On its Web site, the Minutemen claim ‘mobs of illegal aliens … endlessly stream across U.S. borders.’ According to them, if attention isn’t paid to this issue, ‘future generations will inherit a tangle of rancorous, unassimilated, squabbling cultures with no common bond to hold them together’ and America will no longer be ‘a harmonious melting pot.’

The Minutemen fear a cultural and economic breakdown if illegal immigration continues. America’s felt this fear before, whenever waves of immigrants-German, Irish or Chinese-have poured into America. U.S. citizens object, forgetting their families were once immigrants. They forget their own dusty stories of escape from persecution, famine or war to find freedom in America. But after each wave, American culture was enhanced, not weakened. The Mexicans, like all immigrants, will add to the melting pot. The Minutemen’s fears simply reflect their xenophobic desire to keep out those people they view as dangerous, lazy and different.
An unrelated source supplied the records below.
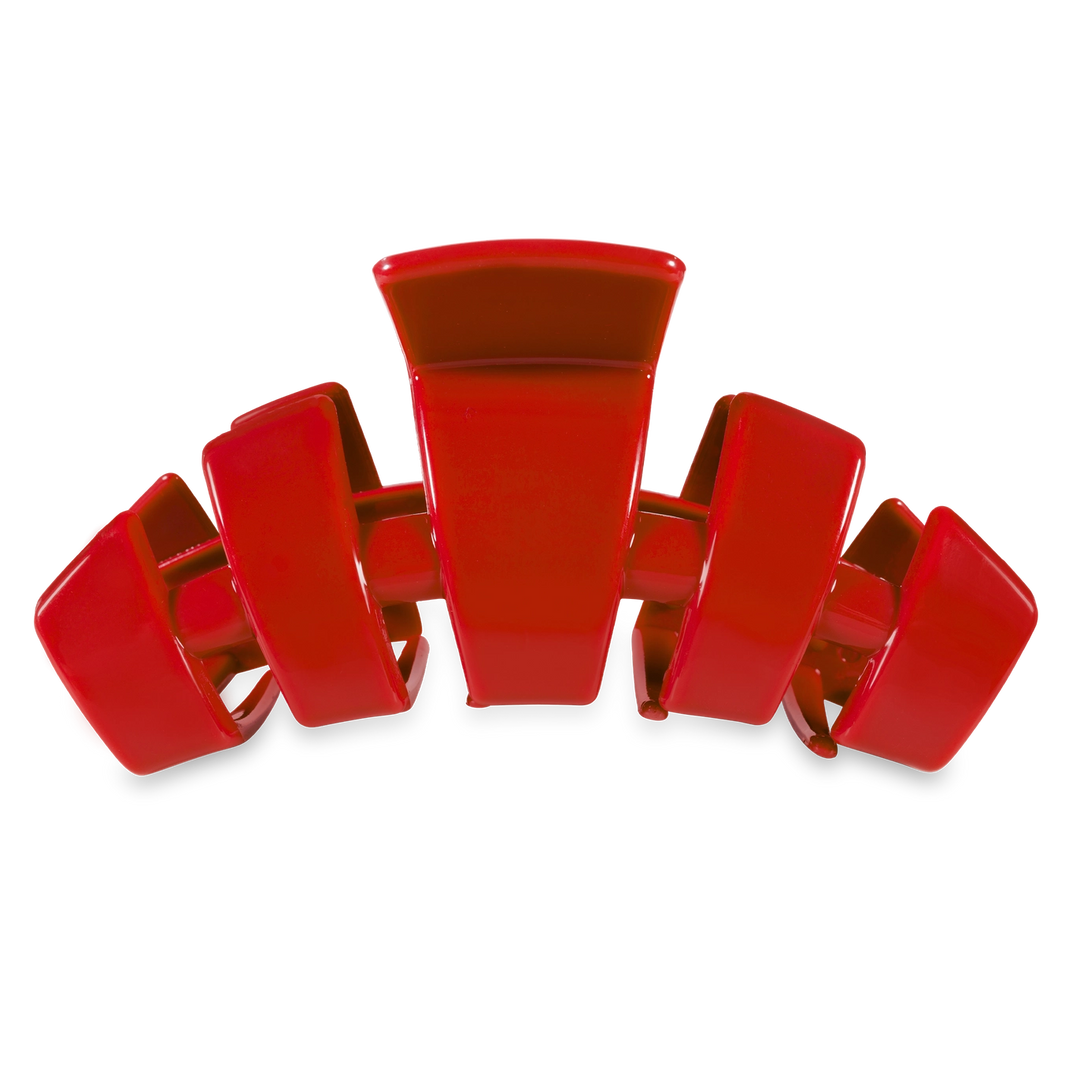 LARGE CLASSIC HAIR CLIP-RED CARPET READY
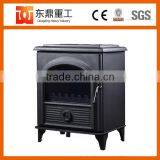 Chinese Style Decorative Fireplace Use to Home Warming thumbnail-2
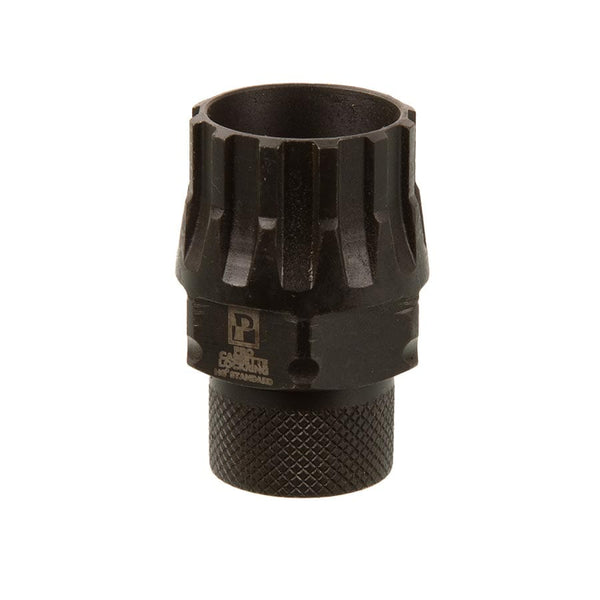 Pedros Cassette Tools Pedros Pro Cassette Lockring Socket Removal Tool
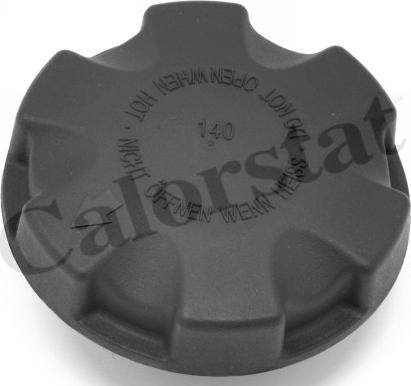 Calorstat by Vernet RC0083 - Sealing Cap, coolant tank onlydrive.pro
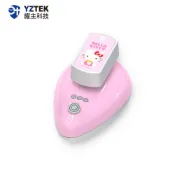 【蝦皮直營】E+自動關 瓦斯爐安全定時開關 定時自動熄火 - 超值版 Hello Kitty 授權 秘戀粉 廠商直送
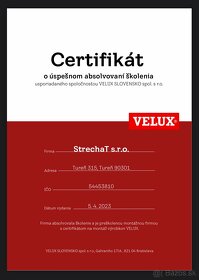 Montáž strešných okien - 11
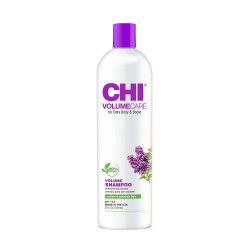 CHI Apimties suteikiantis šampūnas VolumeCare Extra Body & Boost Shampoo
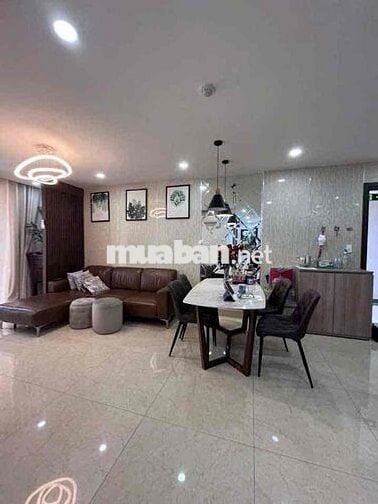 THE BOTANCIA 3PN 2WC FULL NỘI THẤT CHECK IN NGAY GẦN SÂN BAY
To their credit, the Minutemen have succeeded in raising attention to immigration law. But Americans concerned with immigration should petition, protest or write to government officials to pass laws to make naturalization more efficient, so immigrants do not live and work illegally. Or they could push for immigrant quotas. Or they could support or protest Bush’s temporary work program.

But intimidation and mocking, the Minutemen’s main tactics, belittle and disrespect these Mexican people who, for whatever reason, feel desperate or unhappy enough to make the extremely difficult journey from their homes to establish themselves here. Perhaps that man will someday receive a better souvenir: a t-shirt which reads, ‘Proud To Be An American.’